Where to place the coffee machine in the café


The coffee machine is really the centre of the universe, your business. The placement of the coffee machine has quite an impact on your entire workflow, aesthetics, but also the flow of customers and their perception of how you prepare their beloved espresso or cappuccino.

It's not just about where your coffee machine fits, but also where its placement will make sense.

Do everything you can to maximize the time spent interacting with your guests. If you have to place the coffee maker towards the back of the counter, consider whether it could be turned a little to the side. However, it's almost always better to have it at the front of the counter, facing your customers. You can have a short conversation with them and build relationships. Customers will then love the friendly atmosphere in your café and will love coming back.

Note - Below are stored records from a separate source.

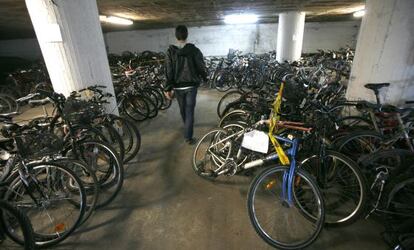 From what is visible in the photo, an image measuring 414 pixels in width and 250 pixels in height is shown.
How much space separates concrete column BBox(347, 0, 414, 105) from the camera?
2.45 m

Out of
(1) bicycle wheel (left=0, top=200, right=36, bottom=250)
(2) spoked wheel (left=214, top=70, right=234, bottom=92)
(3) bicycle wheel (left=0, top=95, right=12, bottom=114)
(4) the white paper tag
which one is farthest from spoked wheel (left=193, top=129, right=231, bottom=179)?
(3) bicycle wheel (left=0, top=95, right=12, bottom=114)

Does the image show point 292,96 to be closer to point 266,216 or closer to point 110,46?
point 266,216

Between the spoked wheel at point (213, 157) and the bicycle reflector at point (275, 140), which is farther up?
the bicycle reflector at point (275, 140)

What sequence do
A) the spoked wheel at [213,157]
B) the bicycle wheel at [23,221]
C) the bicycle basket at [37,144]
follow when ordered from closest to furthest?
the bicycle wheel at [23,221] < the bicycle basket at [37,144] < the spoked wheel at [213,157]

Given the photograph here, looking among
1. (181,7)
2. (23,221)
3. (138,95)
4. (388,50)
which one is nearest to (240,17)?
(181,7)

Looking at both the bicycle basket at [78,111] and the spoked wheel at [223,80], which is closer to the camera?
the bicycle basket at [78,111]

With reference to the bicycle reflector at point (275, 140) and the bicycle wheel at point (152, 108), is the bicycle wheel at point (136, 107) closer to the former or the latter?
the bicycle wheel at point (152, 108)

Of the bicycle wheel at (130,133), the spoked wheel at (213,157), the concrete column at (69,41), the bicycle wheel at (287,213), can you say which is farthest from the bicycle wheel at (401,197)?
the concrete column at (69,41)

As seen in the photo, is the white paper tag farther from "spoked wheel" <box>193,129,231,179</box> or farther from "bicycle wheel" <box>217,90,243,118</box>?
"bicycle wheel" <box>217,90,243,118</box>

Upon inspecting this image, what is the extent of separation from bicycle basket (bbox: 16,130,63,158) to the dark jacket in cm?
161

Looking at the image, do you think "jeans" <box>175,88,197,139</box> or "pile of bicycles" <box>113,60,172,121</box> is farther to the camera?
"pile of bicycles" <box>113,60,172,121</box>

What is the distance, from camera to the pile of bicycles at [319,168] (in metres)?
1.76

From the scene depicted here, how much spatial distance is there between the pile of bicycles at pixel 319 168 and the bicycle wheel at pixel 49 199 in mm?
1329

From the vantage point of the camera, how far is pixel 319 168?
2029 mm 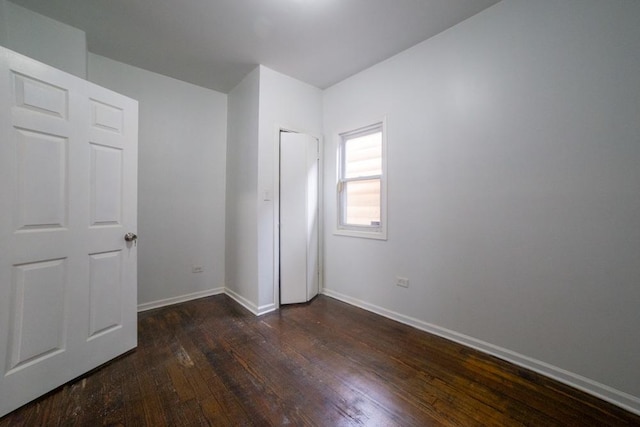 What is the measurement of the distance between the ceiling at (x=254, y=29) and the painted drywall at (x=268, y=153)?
0.21m

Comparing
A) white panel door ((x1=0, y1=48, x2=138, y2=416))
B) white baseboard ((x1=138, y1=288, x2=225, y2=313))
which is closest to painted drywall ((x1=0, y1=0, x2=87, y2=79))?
white panel door ((x1=0, y1=48, x2=138, y2=416))

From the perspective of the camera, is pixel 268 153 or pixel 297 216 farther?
pixel 297 216

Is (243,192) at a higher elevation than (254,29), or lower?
lower

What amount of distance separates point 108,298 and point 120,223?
0.60 metres

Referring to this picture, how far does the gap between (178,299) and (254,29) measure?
3207 millimetres

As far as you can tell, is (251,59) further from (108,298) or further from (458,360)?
(458,360)

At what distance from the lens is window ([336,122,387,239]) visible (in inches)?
109

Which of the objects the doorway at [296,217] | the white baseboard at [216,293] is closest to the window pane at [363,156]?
the doorway at [296,217]

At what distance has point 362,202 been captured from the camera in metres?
2.98

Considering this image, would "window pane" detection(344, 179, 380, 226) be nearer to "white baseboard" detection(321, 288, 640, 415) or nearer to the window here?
the window

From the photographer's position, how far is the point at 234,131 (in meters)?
3.24

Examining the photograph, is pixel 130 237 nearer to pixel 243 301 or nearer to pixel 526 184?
pixel 243 301

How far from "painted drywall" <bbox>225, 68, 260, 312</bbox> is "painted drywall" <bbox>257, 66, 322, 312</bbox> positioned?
63mm

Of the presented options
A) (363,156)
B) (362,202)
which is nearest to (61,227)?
(362,202) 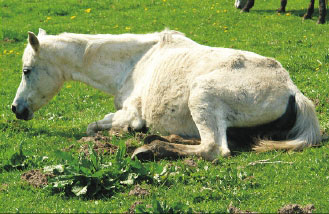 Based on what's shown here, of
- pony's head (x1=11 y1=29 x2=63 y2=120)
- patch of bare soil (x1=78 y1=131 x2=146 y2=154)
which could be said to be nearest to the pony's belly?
patch of bare soil (x1=78 y1=131 x2=146 y2=154)

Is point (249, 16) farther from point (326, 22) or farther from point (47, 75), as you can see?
point (47, 75)

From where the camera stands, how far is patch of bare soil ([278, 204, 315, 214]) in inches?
177

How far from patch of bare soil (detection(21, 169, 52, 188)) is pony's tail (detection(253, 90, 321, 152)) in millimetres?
2763

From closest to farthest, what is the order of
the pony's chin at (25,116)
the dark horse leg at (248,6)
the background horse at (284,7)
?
the pony's chin at (25,116) < the background horse at (284,7) < the dark horse leg at (248,6)

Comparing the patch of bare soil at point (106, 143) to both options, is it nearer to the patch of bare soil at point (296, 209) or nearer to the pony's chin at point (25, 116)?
the pony's chin at point (25, 116)

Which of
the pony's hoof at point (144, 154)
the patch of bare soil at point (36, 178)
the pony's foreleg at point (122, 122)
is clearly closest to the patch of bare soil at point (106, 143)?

Don't forget that it's also important what level your coffee machine will be at. Measure what height will be most comfortable for you and your baristas. It will make your coffee a pleasure to make.

Credit Sonnie Hiles


First, read thewarranty terms that came with your coffee maker. This is because the manufacturer of the machine has very specific ideas about the quality of water and power the machine should receive. Take these conditions seriously, as this can have a major impact on your possible future claim.

Now, a few sentences about water. Have it tested. This is because scale build-up due to hard water can be very damaging to a coffee machine. This is also true with low pH or excessive chloride content, which can cause corrosion in the coffee maker. And needless to say, these factors have a big impact on the taste of the coffee itself.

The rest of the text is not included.